Bill Nighy received Academy Award, BAFTA and SAG nominations for his starring role in “Living.” (Sony Pictures Classics)

“Living,” directed by Oliver Hermanus and distributed by Sony Pictures Classics, is a reimagining of Akira Kurosawa’s 1952 film “Ikiru.”

Written by Nobel Prize-winning author Kazuo Ishiguro (“The Remains of the Day,” “The Unconsoled,” “Never Let Me Go”), “Living” stars BAFTA and Golden Globe winner Bill Nighy (“Love Actually,” “Pirates of the Caribbean,” “Minamata”). They received Academy Award nominations for best adapted screenplay and best lead actor, respectively.

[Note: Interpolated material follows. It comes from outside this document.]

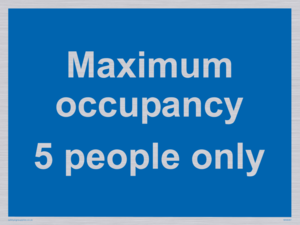 MA6087: Maximum occupancy 3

At the BAFTAs, “Living” was nominated for best British film, best lead actor and best adapted screenplay. Nighy also received a SAG award nomination.

“Living,” which had its world premiere last year at the Sundance Film Festival, is the story of an ordinary man, reduced by years of oppressive office routine to a shadow existence, who at the eleventh hour makes a supreme effort to turn his dull life into something wonderful – into one he can say has been lived to the full.

Kazuo Ishiguro received the Nobel Prize for literature in 2017. (Kyodo)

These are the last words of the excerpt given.